O primeiro decreto da Comuna suprimiu, pois, o exército permanente e substituiu-o pelo povo armado. Essa reivindicação encontra-se, hoje, no programa de todos os partidos que se dizem socialistas.

Ao desde já assegurar o armamento da população, inclusive para fins de defesa nacional, a constituição ianque é progressista no ponto.

Penso eu que, com o requinte das tecnologias de guerra, já é romântico, às raias do absurdo, conjeturar a substituição das Forças Armadas pelo povo em armas. Especialistas são fundamentais. Não se vence (se é que se pode vencê-los) os F-22 Raptors apenas com coragem e engajamento. Mas ao lado dos especialistas, das forças regulares, eu estimularia as milícias operárias- como a Venezuela tem feito, por exemplo. É claro que pode surgir ciumeira por parte das tropas permanentes, mas uma sociedade que se pretende construindo o socialismo deve superar essas contradições.

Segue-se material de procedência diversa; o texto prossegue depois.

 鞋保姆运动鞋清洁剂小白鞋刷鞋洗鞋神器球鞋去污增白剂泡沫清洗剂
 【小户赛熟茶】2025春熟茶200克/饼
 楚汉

Nesse ponto, é preciso dizer o seguinte: há que acabar com a desconfiança, por parte da esquerda, sobre as Forças Armadas. Sim, são conservadoras- mas porque o Estado é conservador, e as FFAA nada mais são que seu braço armado. É o materialismo histórico em sua evidência. Mas, assim como não desprezamos a luta dentro do Parlamento e do Judiciário, aspectos do mesmo Estado conservador, não podemos abrir mão da luta dentro das FFAA. Há que ganhá-la, principalmente aos seus elementos proletários.

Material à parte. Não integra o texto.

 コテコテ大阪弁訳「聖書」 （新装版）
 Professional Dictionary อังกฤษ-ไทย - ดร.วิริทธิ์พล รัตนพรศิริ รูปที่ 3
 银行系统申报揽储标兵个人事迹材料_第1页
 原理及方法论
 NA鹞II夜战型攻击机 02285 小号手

É verdade que nossas Forças Armadas estão alinhadas com a ideologia política/ militar ocidental. Ocupa o Haiti a soldo do imperialismo, por exemplo. Porém, isso se dá pelo simples fato do Estado brasileiro estar alinhado com a ideologia política/ militar ocidental. As FFAA são apenas seu braço armado, repito. A superestrutura acompanha a base. E se a Embraer fabrica Super Tucanos para serem usados na Colômbia contra as FARCs-EP, e a partir de 2015 no Afeganistão (aqui), é apenas a lógica de mercado. A indústria bélica, inclusive a estatal, fabrica para quem paga mais. Não é que não devamos nos indignar com, e combater, isso; mas se a indignação fica no campo do pacifismo moralista, não se vai longe. Sob outra política, a postura, o comportamento, mudam. E obviamente a mudança radical que se pretende na política pressupõe uma ruptura sistêmica.

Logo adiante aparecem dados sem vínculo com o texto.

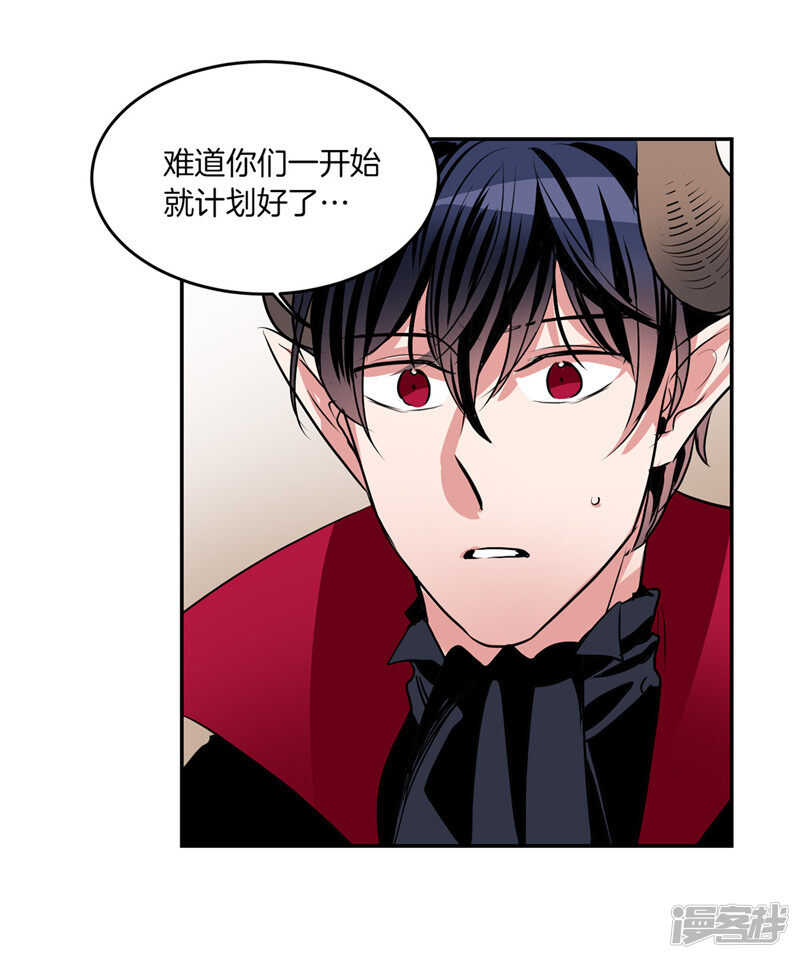 🍚洗碗大魔王 第189话 反噬 第13页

Gosto, pessoalmente, da figura de Gandhi. Deixou belas frases e seu método, ainda que não-violento, ou mesmo por isso, requer, com certeza, coragem. Mas expressa um reformismo pequeno-burguês. O boicote e a resistência pacífica têm importância, mas não bastam apenas, conforme a demanda, o contexto, a conjuntura diante dos olhos. Não substitui a ação direta. A propósito, diz Trotsky, em sua "Carta Aberta aos Trabalhadores da Índia", 1939, aqui, com grifo meu:

A burguesia indiana é incapaz de levar uma luta revolucionária. Ela é ligada em demasia ao imperialismo britânico, ela depende dele. Ela teme pelos seus próprios bens. Ela tem medo das massas. Ela busca um compromisso a qualquer custo com o imperialismo e engana as massas com esperanças de reformasvindas de cima. O chefe e profeta desta burguesia é Gandhi: chefe fabricado e falso profeta! Gandhi e seus compadres desenvolveram a teoria de que a situação da Índia vai melhorar sem parar, que suas liberdades vão se ampliar, que a Índia vai se tornar, pouco a pouco, um dominion ["domínios", ligados à Coroa britânica mas quase independentes] na via de reformas pacíficas. Mais tarde, talvez, obtenha a independência. Esta perspectiva é radicalmente falsa.

É verdade que, em torno de uma década depois desse texto, a Índia conseguia sua independência. Mas menos pela resistência pacífica e mais pela decadência da Inglaterra, aos farrapos após a Guerra. Decadência que, talvez, e eu acredito que sim, seria acelerada pela resistência direta.